They plot all these different predictions and for now, the prediction is 5.1% by the end of 2023. That is, most of the predictions cluster around that figure.

Well we're at 4.25-4.5% I believe.

Does that mean they'd go up to around 5.1% and stop? That could be just two more tightenings.

Or they'd go up to say 5.5-6% and then maybe roll it back towards the end of next year to end up around 5.1%?
 
Was listening to a podcast, apparently the Fed governors are periodically asked to predict the teminal feds fund rate in the future.

They plot all these different predictions and for now, the prediction is 5.1% by the end of 2023. That is, most of the predictions cluster around that figure.

Well we're at 4.25-4.5% I believe.

Does that mean they'd go up to around 5.1% and stop? That could be just two more tightenings.

Or they'd go up to say 5.5-6% and then maybe roll it back towards the end of next year to end up around 5.1%?

"It depends." That was the message I got, listening to Powell.
 
Dot plots.

It is their guess. Problem is, the market is rejecting the dot plot right now. So... We don't know.

IMHO, the Fed needs to do what they say they'll do at least through next summer to regain trust.
 
Dot plots.

It is their guess. Problem is, the market is rejecting the dot plot right now. So... We don't know.

IMHO, the Fed needs to do what they say they'll do at least through next summer to regain trust.

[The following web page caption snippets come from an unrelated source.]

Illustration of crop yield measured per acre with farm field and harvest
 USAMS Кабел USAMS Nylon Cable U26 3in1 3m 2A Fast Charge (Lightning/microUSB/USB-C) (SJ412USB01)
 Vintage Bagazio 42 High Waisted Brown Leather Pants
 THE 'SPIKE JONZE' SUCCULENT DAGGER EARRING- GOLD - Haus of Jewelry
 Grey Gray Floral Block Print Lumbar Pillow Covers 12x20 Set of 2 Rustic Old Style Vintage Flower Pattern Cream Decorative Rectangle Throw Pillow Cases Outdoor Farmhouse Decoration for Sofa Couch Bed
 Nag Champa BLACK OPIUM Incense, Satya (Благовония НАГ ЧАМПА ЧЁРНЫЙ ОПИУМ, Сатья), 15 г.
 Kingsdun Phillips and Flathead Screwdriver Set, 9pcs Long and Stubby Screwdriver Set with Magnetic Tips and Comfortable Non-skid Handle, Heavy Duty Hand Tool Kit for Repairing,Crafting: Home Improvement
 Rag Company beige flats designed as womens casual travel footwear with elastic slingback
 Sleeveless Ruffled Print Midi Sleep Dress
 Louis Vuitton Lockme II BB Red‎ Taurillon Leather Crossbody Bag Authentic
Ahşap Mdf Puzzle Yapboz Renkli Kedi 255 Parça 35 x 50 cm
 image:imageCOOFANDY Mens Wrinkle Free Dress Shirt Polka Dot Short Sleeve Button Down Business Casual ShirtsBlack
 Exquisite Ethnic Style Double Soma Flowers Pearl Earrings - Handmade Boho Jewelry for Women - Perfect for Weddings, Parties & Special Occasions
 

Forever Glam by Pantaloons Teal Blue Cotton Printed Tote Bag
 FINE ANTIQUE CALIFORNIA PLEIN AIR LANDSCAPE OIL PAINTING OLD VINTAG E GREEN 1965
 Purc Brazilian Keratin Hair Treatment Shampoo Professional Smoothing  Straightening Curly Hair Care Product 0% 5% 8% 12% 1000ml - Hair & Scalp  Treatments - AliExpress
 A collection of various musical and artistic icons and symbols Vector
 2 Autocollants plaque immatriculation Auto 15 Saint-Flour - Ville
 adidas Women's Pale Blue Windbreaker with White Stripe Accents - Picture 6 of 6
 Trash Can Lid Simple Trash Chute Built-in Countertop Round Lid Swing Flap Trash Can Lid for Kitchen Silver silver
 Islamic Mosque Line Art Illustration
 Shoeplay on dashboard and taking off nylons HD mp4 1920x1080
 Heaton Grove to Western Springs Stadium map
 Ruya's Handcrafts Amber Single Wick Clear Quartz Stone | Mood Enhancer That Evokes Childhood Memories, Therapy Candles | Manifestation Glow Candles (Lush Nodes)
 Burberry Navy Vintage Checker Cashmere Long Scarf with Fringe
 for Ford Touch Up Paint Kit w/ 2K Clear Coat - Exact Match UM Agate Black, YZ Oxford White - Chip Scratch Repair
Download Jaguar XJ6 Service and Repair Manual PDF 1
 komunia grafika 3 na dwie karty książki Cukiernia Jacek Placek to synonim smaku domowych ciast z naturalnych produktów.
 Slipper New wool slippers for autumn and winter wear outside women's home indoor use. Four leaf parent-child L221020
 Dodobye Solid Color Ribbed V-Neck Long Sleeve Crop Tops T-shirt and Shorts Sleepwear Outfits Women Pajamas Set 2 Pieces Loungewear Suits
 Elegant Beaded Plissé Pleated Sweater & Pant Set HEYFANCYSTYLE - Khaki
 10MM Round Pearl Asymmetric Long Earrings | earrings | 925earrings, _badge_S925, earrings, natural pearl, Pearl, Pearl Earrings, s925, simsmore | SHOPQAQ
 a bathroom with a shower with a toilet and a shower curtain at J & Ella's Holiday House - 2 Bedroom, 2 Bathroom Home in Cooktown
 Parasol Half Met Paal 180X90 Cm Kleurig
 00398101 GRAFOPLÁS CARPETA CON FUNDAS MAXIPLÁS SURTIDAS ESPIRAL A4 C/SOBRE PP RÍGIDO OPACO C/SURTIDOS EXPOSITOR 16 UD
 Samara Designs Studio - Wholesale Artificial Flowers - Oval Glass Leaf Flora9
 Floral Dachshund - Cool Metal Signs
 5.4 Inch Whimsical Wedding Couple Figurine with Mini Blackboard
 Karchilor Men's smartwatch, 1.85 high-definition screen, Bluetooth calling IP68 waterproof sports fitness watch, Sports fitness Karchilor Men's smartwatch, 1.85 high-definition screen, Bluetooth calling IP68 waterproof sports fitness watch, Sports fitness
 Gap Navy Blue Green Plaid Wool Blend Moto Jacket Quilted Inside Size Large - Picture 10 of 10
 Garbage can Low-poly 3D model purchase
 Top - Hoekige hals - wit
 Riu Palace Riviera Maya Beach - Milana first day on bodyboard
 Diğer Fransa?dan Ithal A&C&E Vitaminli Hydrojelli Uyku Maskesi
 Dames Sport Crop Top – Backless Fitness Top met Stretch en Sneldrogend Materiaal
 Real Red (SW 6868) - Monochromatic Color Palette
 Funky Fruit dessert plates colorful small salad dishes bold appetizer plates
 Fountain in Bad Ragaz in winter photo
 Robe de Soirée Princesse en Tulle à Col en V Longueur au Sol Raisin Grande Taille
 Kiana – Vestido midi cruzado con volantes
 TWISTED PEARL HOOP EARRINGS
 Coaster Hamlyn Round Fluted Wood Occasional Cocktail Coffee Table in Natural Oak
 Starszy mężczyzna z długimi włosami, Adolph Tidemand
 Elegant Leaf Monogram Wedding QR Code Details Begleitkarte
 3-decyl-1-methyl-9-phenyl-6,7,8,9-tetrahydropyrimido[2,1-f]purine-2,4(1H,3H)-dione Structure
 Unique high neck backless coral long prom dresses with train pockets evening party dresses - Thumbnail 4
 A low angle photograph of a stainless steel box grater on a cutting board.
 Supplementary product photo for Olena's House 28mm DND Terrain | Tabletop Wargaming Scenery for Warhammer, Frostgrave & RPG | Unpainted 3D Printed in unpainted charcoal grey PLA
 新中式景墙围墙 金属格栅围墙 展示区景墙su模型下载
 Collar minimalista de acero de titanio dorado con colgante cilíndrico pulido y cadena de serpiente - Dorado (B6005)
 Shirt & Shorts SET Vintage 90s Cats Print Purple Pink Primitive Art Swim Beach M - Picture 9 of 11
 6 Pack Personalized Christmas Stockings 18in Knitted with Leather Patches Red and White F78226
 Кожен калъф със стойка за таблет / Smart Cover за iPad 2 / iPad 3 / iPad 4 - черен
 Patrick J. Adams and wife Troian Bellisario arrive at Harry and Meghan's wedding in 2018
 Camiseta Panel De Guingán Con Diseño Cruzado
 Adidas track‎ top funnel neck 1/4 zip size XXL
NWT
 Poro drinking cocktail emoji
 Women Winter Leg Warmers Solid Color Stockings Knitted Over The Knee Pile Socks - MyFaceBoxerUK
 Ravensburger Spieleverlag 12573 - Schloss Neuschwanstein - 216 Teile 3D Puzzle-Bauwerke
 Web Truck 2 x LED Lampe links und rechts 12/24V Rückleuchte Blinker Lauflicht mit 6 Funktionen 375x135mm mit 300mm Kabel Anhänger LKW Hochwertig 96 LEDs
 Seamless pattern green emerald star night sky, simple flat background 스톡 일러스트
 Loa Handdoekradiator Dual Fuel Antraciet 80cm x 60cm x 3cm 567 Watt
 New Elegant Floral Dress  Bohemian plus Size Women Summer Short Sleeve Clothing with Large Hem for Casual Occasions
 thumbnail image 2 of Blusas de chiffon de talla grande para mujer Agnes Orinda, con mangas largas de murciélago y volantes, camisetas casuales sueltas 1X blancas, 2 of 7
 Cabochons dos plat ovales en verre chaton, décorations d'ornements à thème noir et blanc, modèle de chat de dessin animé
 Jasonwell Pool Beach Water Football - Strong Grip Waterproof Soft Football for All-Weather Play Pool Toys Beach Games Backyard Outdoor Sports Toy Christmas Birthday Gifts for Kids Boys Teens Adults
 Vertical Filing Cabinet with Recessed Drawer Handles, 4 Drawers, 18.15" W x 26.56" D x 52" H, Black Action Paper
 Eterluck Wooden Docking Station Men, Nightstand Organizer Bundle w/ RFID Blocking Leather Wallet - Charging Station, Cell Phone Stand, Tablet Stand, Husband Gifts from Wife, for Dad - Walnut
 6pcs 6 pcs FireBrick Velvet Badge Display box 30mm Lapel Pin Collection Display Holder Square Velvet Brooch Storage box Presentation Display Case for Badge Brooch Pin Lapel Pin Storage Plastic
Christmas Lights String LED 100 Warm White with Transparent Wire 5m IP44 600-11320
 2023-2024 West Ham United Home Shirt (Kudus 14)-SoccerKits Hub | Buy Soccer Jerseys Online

Otherwise, it's just smoke and mirrors (like usual.)
 
It is a really good report, continuing the recent trend of very low inflation. The headline number declined by .1% month over month.

Yields on 2, 5 and 10 year treasuries all moved lower.
 
I guess that will make my decision on whether or not to buy more I bonds in 2023 easier.
Yes, indeed. If you look at the I-Bond thread, I calculated out the May 2023 rate if we stay on the current trajectory. It would be 0%, unless Treasury adds a fixed component.
 
With the stock market casino continuing with meme stocks surging again, the Fed will certainly continue to hike rates. The market has already priced in a 25 basis point hike at the next Fed meeting and that isn't likely to change. The prospects of a rate cut later this year that the market has priced, is becoming dim.
 
With the stock market casino continuing with meme stocks surging again, the Fed will certainly continue to hike rates. The market has already priced in a 25 basis point hike at the next Fed meeting and that isn't likely to change. The prospects of a rate cut later this year that the market has priced, is becoming dim.

I'm hoping for a 25 basis point hike. But, wouldn't be surprised with a 50 basis point hike. Thinking 50 is overkill.
 
With the stock market casino continuing with meme stocks surging again, the Fed will certainly continue to hike rates. The market has already priced in a 25 basis point hike at the next Fed meeting and that isn't likely to change. The prospects of a rate cut later this year that the market has priced, is becoming dim.

I've never understood it to be the case that surging meme stock prices cause inflation, which is what the Fed is trying to subdue. In my experience, the stock market usually does better when inflation is low and/or falling.
 
I don't know where inflation is going down. I don't see any sign of lower prices in iowa. everybody thought the minimum wage should be 15. per hour, but with the current prices, that still is not a living wage even if both are working.
 
Zero inflation does not mean prices are going down, it means they are no longer rising. You need deflation to see prices go down.
 
If I understand correctly, its not the Stock Market the Fed is using as a way to determine if we are heading the right way to lowering inflation.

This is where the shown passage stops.